---- The records

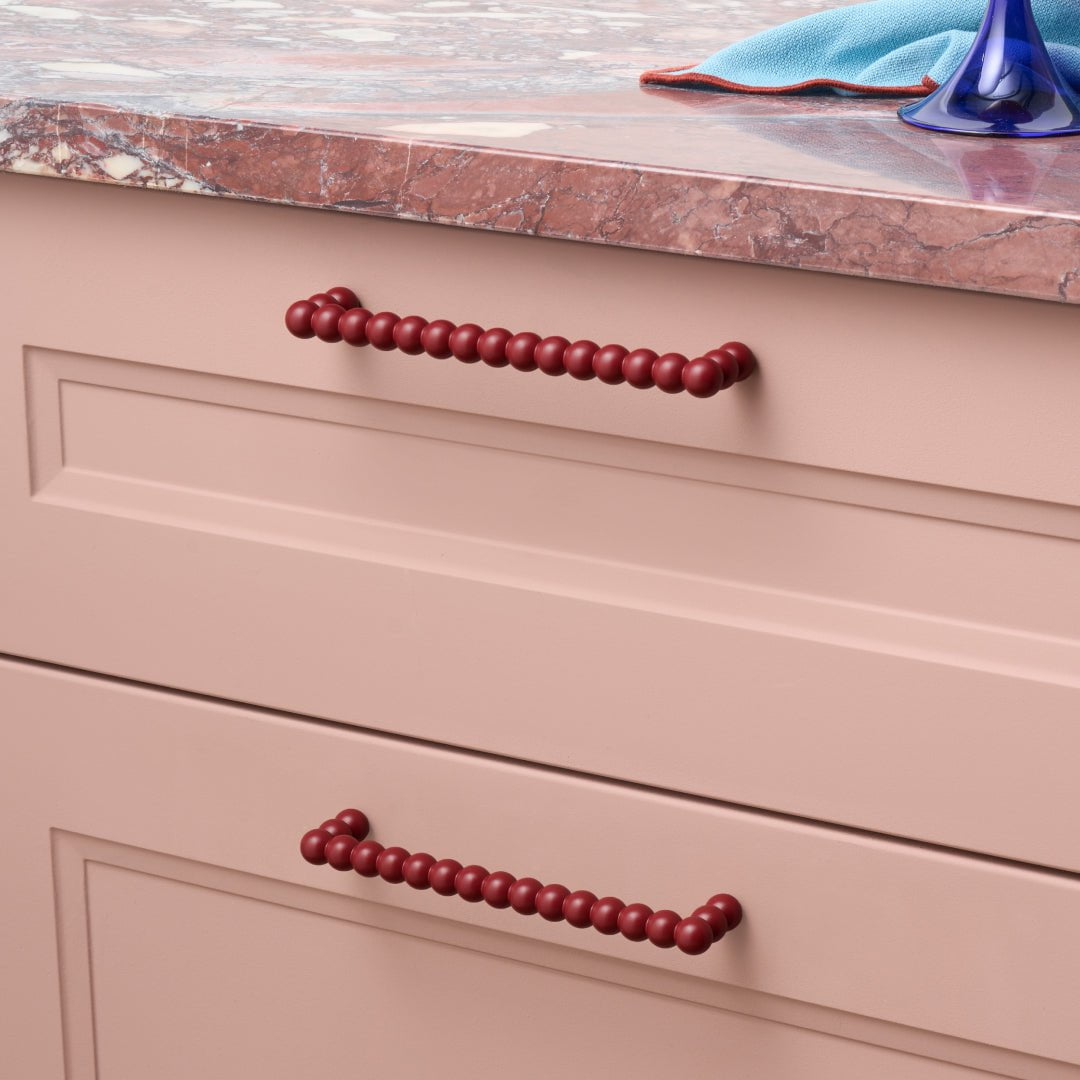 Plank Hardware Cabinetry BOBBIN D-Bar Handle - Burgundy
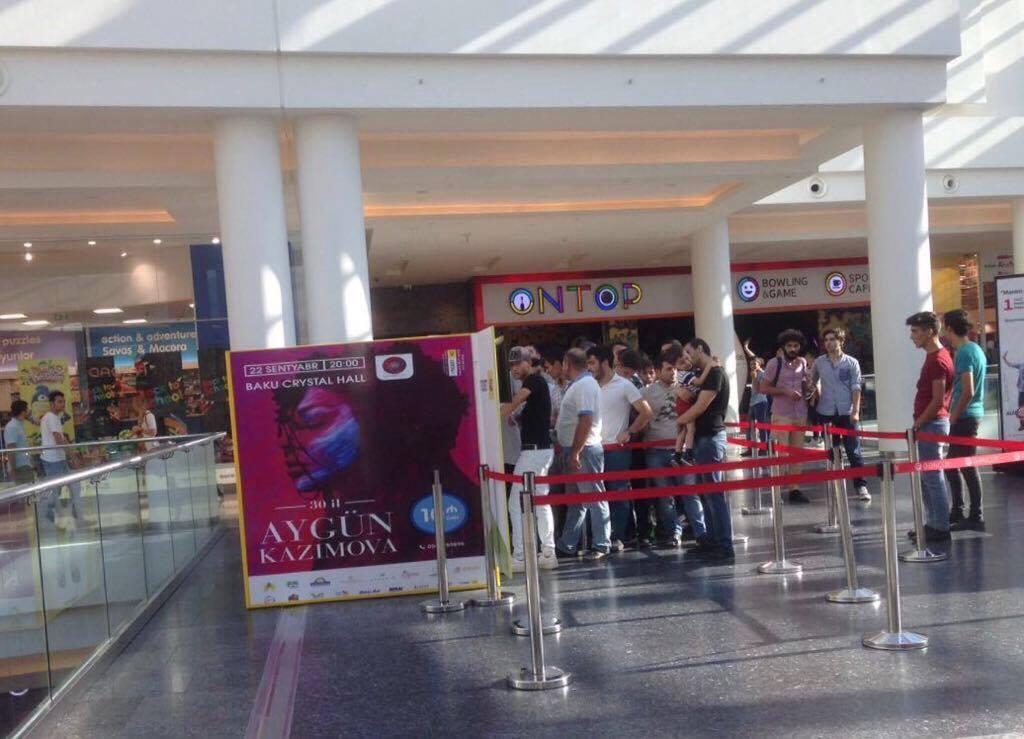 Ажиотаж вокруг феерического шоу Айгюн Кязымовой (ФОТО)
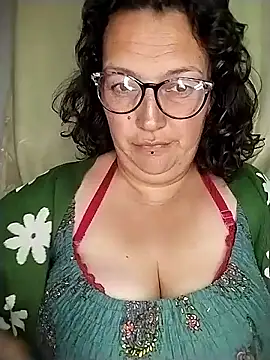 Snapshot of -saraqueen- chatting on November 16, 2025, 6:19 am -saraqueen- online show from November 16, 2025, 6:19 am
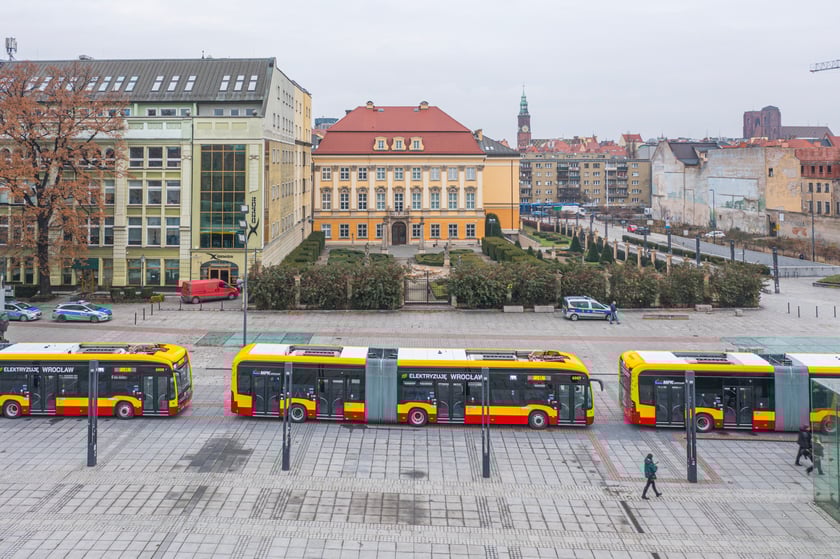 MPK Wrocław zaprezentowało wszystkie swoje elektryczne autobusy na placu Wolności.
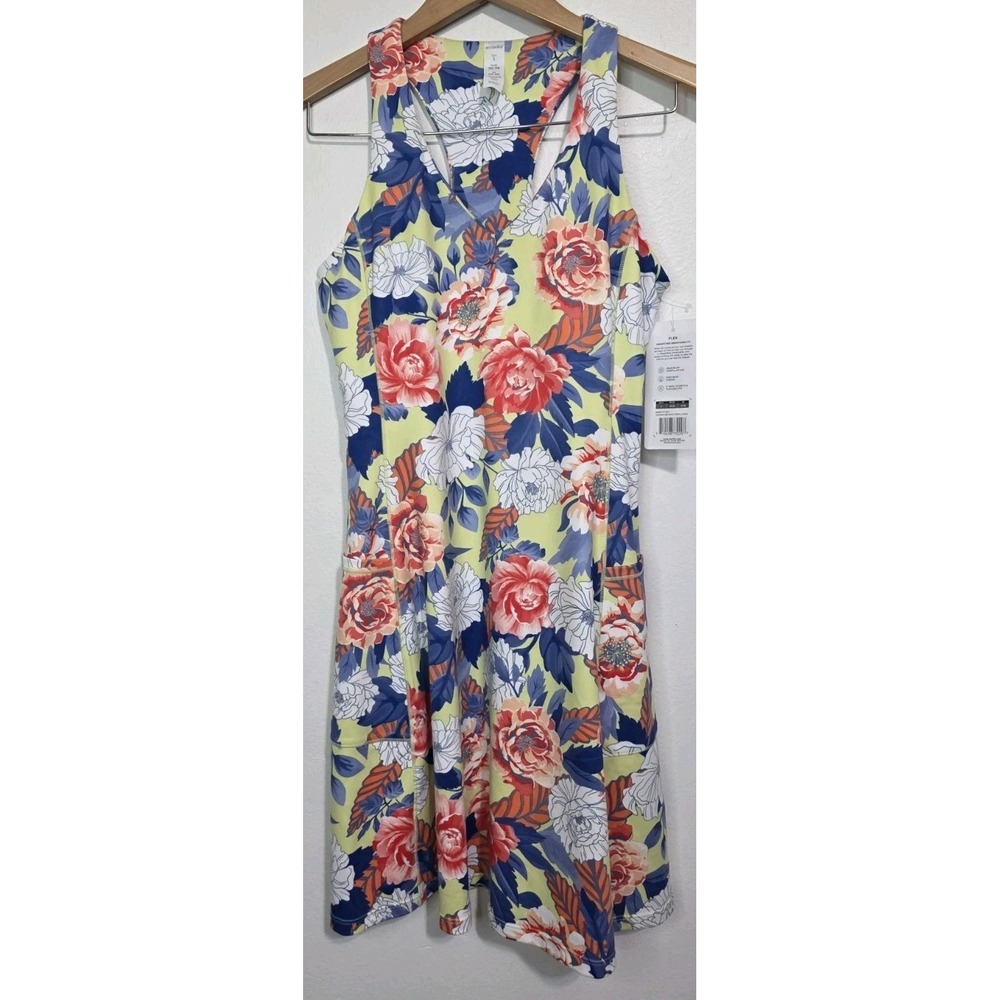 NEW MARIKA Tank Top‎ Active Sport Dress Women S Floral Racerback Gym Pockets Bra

--------
---- The records

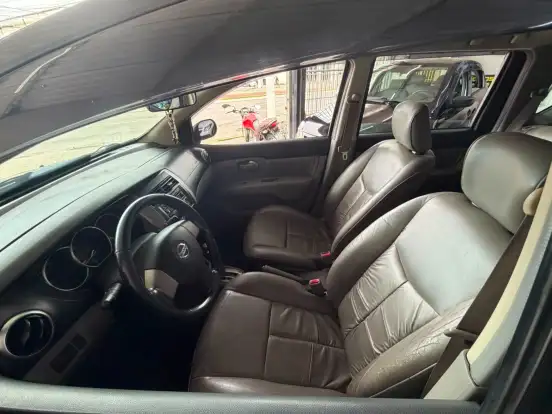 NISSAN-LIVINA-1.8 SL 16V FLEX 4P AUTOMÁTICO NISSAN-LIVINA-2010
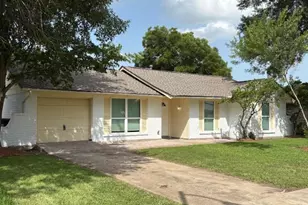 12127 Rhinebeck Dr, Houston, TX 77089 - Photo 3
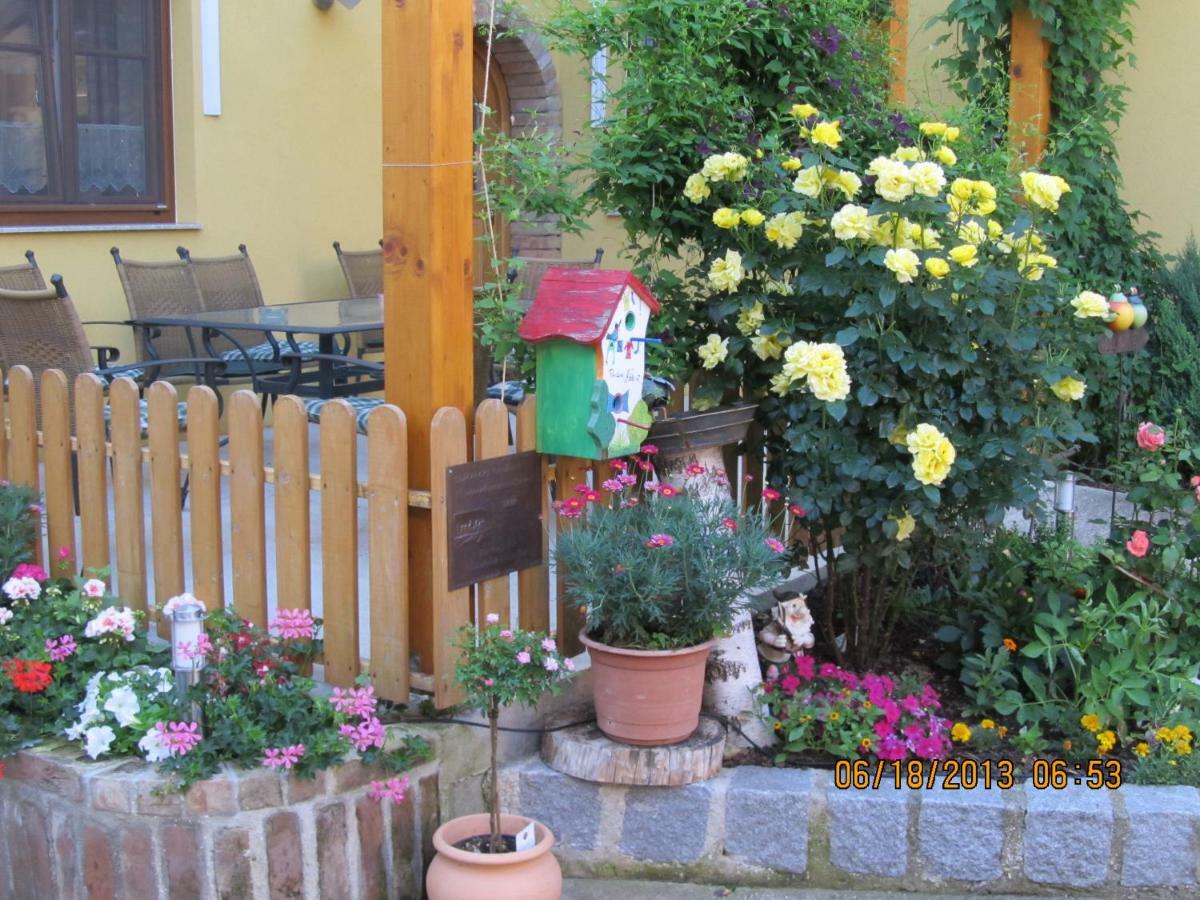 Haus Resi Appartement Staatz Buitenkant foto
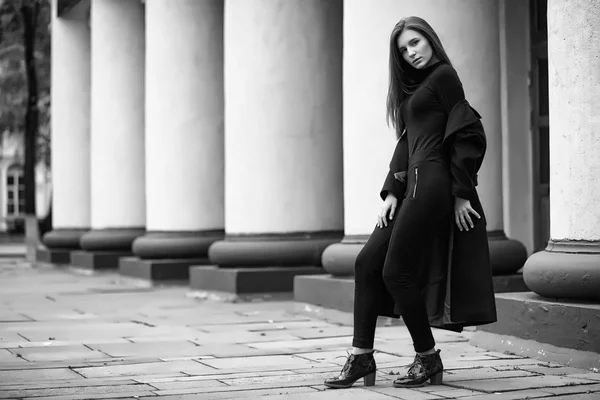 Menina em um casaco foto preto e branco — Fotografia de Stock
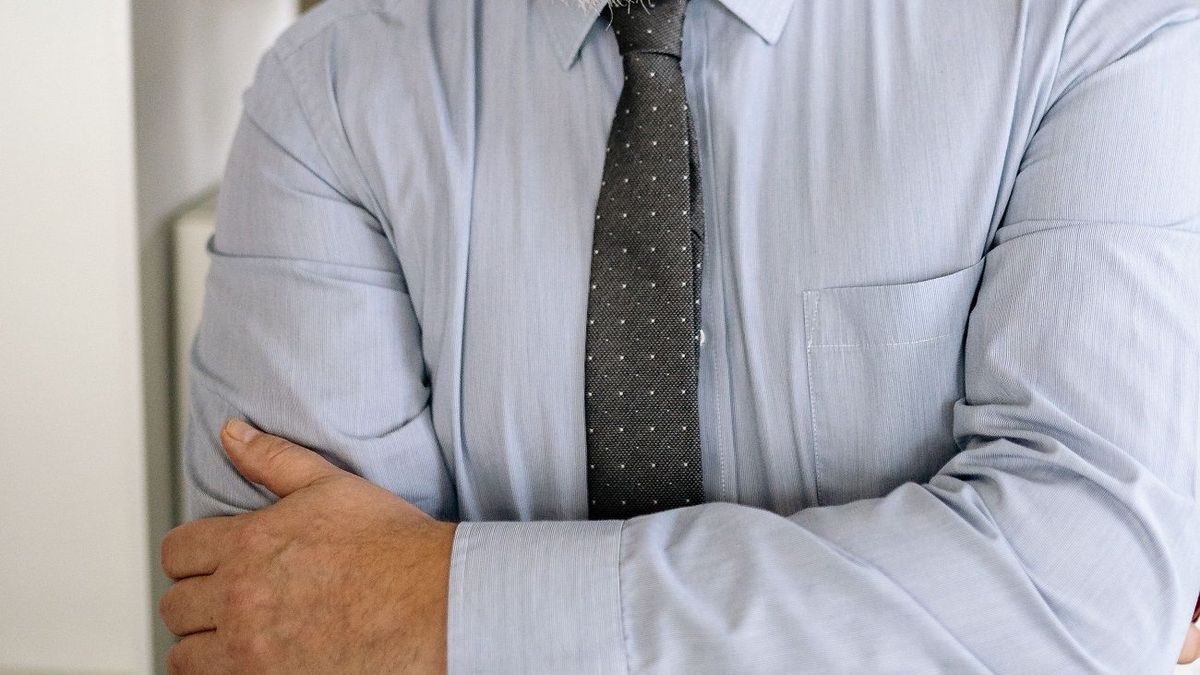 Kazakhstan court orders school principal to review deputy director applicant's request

--------
---- The records

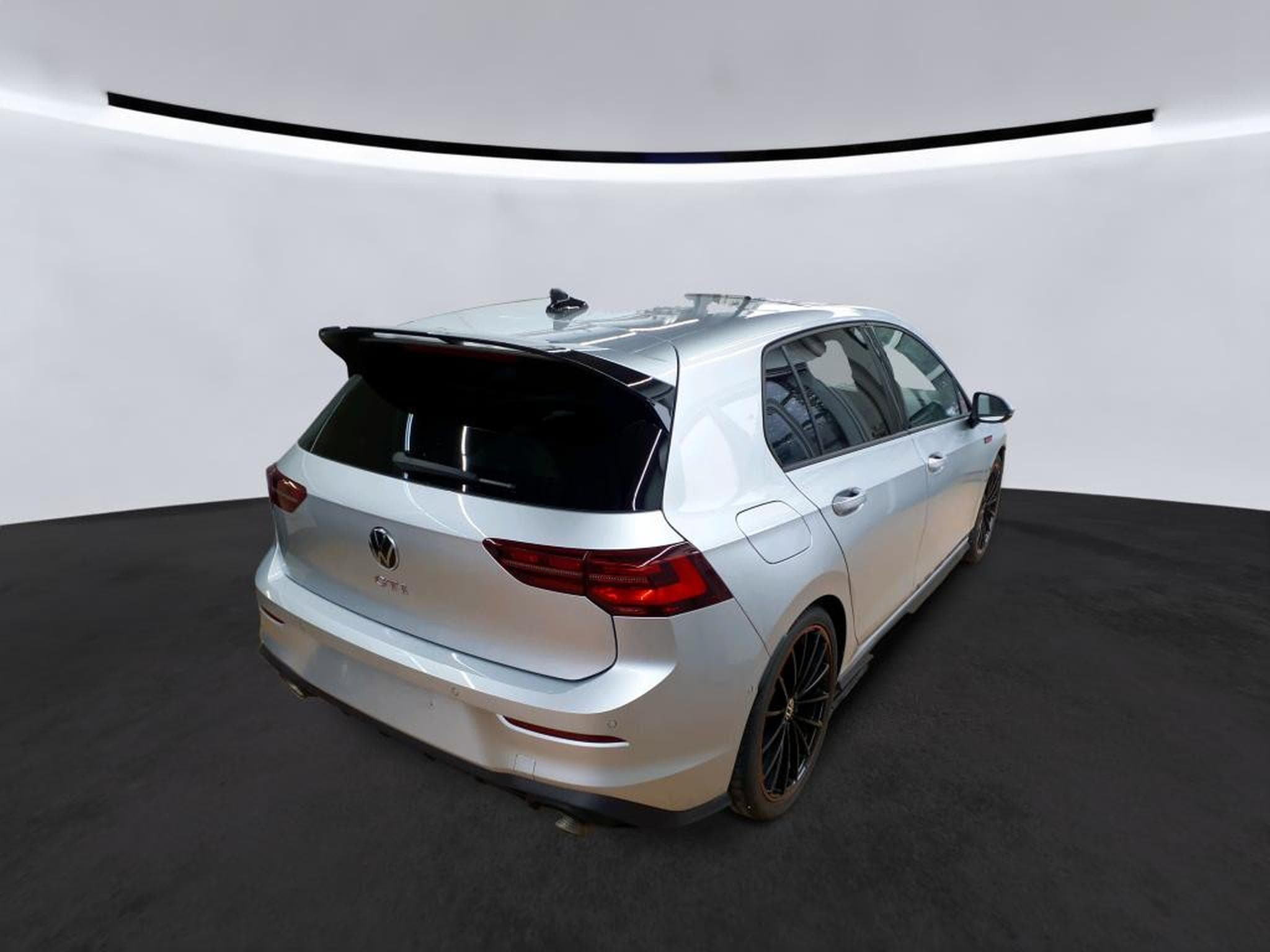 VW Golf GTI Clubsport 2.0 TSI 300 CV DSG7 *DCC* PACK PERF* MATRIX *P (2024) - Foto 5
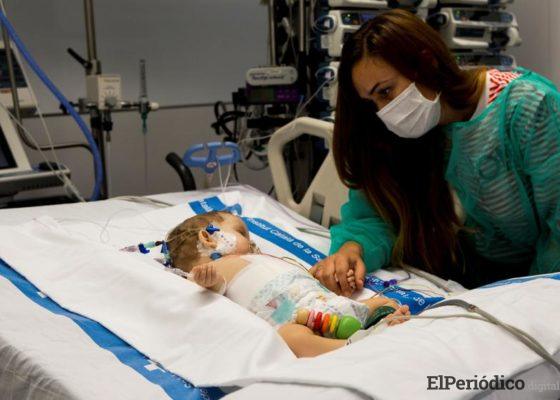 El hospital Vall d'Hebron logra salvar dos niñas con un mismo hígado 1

--------

__Task brief__: In the listing above, find the line containing "Menina em um" and the line containing "Kazakhstan court orders"; print those lines and every line between them exactly, leaving out pictures.

__Solution for this problem__:
 Menina em um casaco foto preto e branco — Fotografia de Stock
 Kazakhstan court orders school principal to review deputy director applicant's request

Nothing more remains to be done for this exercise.